Os registros acerca da indústria lítica são mais raros para tal grupo, mas verifica-se nestes sítios a presença de machados, batedores e alisadores. A produção cerâmica é uma constante e foi vastamente documentada por diversos pesquisadores. Esta caracteriza-se pela decoração policrômica com pinturas de figuras geométricas e também por marcas de unhas, a chamada cerâmica “ungulada”. Os recipientes produzidos variavam entre grandes, destinados ao armazenamento de farinha de mandioca e preparo de bebida fermentada, e pequena, utilizada no preparo e consumo de alimentos. Outros vestígios encontrados em sítios relacionados a esta ocupação denotam um costume característico, o enterramento dos mortos em urnas funerárias. Segundo Lavina (2004), no caso dos adultos era realizado o enterramento secundário, no qual o corpo era enterrado até o descarnamento dos ossos, quando estes então eram retirados da cova, depositados dentro das urnas e definitivamente enterrados. No caso dos enterramentos infantis o corpo da criança era já de início depositado na urna, o chamado enterramento primário. Associados aos sepultamentos muitas vezes encontram-se pequenos recipientes cerâmicos, lâminas de machado, pingentes e colares fabricados em osso.

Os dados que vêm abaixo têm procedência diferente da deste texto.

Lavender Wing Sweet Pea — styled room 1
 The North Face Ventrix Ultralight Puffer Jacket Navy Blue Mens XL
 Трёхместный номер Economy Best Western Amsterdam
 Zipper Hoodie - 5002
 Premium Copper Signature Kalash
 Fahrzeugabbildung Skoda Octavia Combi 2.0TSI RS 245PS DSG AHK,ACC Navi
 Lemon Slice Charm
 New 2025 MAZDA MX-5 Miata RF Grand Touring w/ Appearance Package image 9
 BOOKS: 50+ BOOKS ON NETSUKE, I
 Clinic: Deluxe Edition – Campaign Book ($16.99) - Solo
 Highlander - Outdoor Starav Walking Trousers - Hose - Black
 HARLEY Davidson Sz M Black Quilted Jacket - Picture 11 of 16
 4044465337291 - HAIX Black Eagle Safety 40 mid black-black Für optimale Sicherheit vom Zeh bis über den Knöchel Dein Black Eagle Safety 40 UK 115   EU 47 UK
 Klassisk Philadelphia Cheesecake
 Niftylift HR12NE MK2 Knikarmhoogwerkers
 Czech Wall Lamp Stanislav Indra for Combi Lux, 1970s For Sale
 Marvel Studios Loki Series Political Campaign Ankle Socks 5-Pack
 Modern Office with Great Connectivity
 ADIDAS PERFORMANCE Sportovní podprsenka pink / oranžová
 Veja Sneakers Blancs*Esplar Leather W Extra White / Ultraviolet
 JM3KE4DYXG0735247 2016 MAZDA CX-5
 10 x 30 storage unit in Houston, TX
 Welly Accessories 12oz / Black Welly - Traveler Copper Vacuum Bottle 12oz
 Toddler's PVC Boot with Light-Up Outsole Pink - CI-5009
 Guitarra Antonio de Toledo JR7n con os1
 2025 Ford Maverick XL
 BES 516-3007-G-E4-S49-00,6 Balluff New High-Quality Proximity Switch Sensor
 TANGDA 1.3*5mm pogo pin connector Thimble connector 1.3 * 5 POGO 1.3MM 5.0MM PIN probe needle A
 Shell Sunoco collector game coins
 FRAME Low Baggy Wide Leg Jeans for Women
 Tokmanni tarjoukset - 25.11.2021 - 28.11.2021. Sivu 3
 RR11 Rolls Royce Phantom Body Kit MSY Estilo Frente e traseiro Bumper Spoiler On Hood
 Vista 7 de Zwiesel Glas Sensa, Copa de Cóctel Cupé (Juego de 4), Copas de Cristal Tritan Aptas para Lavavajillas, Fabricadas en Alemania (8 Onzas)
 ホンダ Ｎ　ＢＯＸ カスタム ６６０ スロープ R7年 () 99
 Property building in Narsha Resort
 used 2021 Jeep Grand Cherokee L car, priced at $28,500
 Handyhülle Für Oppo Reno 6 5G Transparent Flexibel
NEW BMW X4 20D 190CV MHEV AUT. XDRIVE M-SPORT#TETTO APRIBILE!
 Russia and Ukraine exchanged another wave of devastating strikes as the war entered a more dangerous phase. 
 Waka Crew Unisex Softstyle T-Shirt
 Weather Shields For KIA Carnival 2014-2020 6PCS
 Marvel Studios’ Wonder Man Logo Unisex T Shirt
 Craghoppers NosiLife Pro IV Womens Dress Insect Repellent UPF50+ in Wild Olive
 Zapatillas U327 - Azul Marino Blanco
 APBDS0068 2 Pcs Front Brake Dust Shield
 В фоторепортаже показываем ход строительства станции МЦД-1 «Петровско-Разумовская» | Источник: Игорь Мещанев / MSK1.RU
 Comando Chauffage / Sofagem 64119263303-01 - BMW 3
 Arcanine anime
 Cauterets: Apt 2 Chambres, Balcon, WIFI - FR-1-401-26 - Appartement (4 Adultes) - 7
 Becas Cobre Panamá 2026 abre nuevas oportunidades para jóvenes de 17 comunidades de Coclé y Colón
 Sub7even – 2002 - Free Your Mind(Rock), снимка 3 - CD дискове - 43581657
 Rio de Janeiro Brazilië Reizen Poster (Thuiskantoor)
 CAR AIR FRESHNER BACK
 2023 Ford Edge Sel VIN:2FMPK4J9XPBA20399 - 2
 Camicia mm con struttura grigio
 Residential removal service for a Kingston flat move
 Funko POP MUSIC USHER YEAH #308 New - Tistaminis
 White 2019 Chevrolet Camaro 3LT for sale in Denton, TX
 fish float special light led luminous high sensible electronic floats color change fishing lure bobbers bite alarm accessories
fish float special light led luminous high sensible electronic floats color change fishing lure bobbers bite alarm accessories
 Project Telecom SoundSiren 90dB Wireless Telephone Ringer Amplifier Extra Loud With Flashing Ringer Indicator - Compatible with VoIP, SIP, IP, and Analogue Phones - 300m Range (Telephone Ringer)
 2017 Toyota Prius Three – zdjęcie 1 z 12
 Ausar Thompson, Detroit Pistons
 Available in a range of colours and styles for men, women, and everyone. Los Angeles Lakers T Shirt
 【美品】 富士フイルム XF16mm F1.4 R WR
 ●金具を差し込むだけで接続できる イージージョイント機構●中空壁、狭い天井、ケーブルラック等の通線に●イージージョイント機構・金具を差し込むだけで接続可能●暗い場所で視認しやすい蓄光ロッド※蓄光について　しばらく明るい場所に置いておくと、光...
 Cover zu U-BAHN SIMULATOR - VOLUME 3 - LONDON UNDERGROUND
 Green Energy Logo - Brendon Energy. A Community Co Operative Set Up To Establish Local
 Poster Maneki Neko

A população Guarani vivia concentrada em aldeias, preferencialmente instalada em locais com água abundante. Havia um número reduzido de casas feitas com troncos e cobertas por palha, sem repartições internas. Sobre a utilização de tais espaços afirma Schmitz (1999):

40 Em cada uma delas viviam uma ou mais famílias extensas ou várias famílias nucleares, sob a coordenação de um homem mais velho, mais experiente ou mais aparentado, que cuidava das necessidades comuns. O chefe de uma das casas poderia assumir a liderança em momentos críticos da aldeia; para ele se costuma usar o nome de cacique. Havia ainda chefes respeitados por toda uma região, importantes quando se tratava de arbitrar questões entre aldeias e conflitos com populações vizinhas.

No interior das cabanas havia redes tecidas em fibras de algodão e presas aos caibros, utilizadas para dormir. Várias fogueiras eram acesas para o aquecimento, especialmente durante a noite, estas deixaram marcas de carvão no solo, em forma de manchas escuras através das quais os pesquisadores delimitam, aproximadamente, o perímetro das cabanas. Apesar de tais grupos fixarem-se por determinado tempo em locais propícios à agricultura e com abundância de água, também se deslocavam eventualmente na busca por matéria-prima como argila para confecção da cerâmica e fragmentos de determinados tipos de rochas para a fabricação de lâminas de machado, por exemplo, além da coleta de frutos e outros suprimentos.